▶ **Work item**: Give the data below again exactly as written, without its pictures.

▶ **Supplied data**:
*** Block opens ***

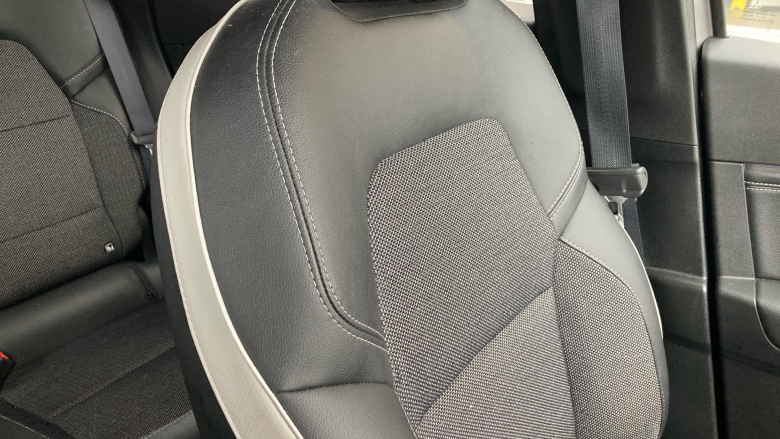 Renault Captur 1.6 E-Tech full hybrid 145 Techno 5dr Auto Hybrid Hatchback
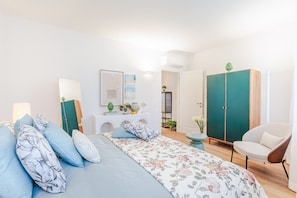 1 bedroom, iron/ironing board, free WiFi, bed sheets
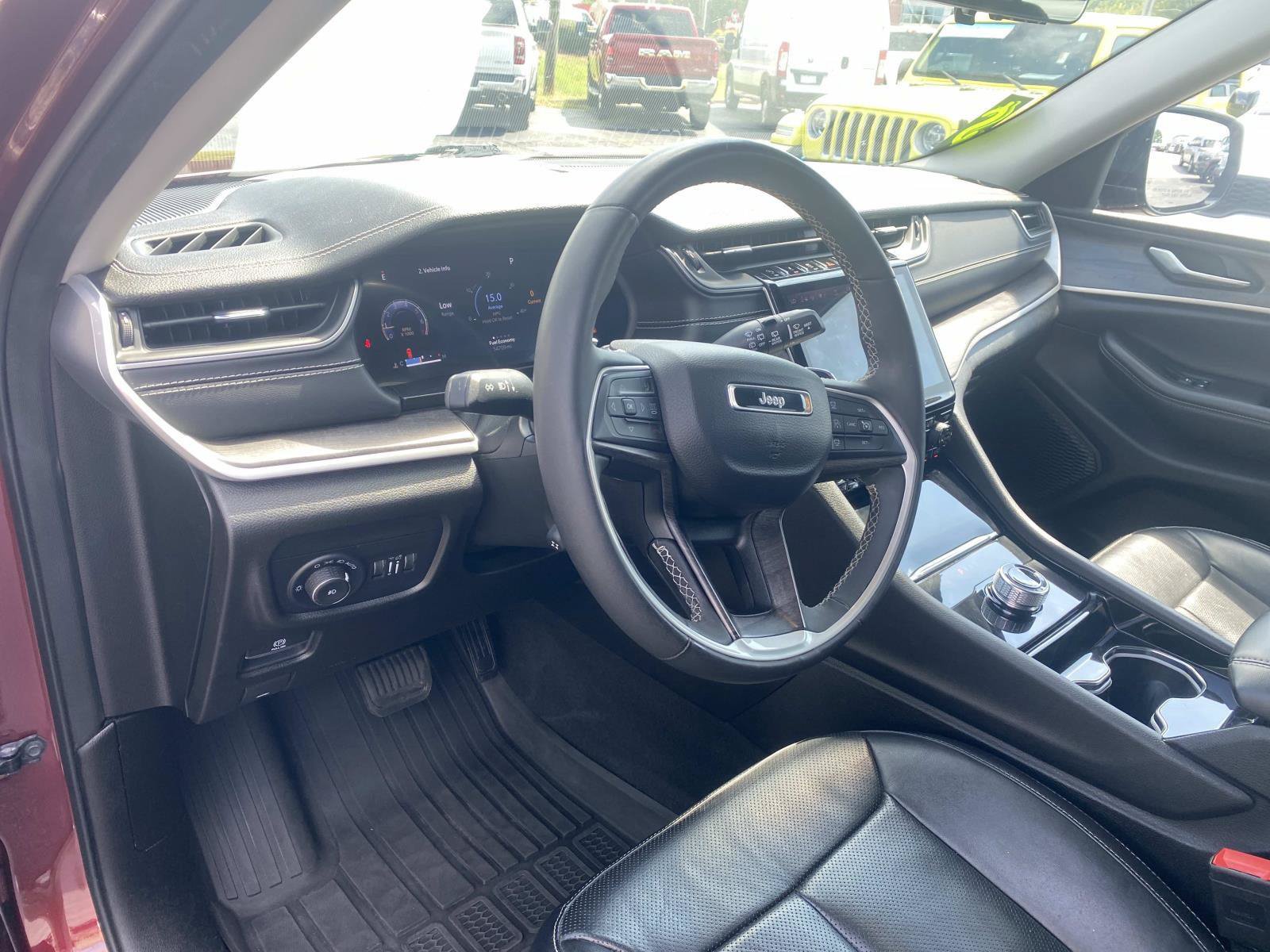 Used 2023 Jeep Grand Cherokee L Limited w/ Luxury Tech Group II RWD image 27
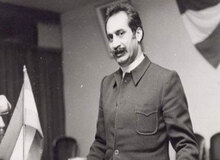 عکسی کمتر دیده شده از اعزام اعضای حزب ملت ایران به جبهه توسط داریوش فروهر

*** Block closes ***

▶ **Answer area**:
 Renault Captur 1.6 E-Tech full hybrid 145 Techno 5dr Auto Hybrid Hatchback
 1 bedroom, iron/ironing board, free WiFi, bed sheets
 Used 2023 Jeep Grand Cherokee L Limited w/ Luxury Tech Group II RWD image 27
 عکسی کمتر دیده شده از اعزام اعضای حزب ملت ایران به جبهه توسط داریوش فروهر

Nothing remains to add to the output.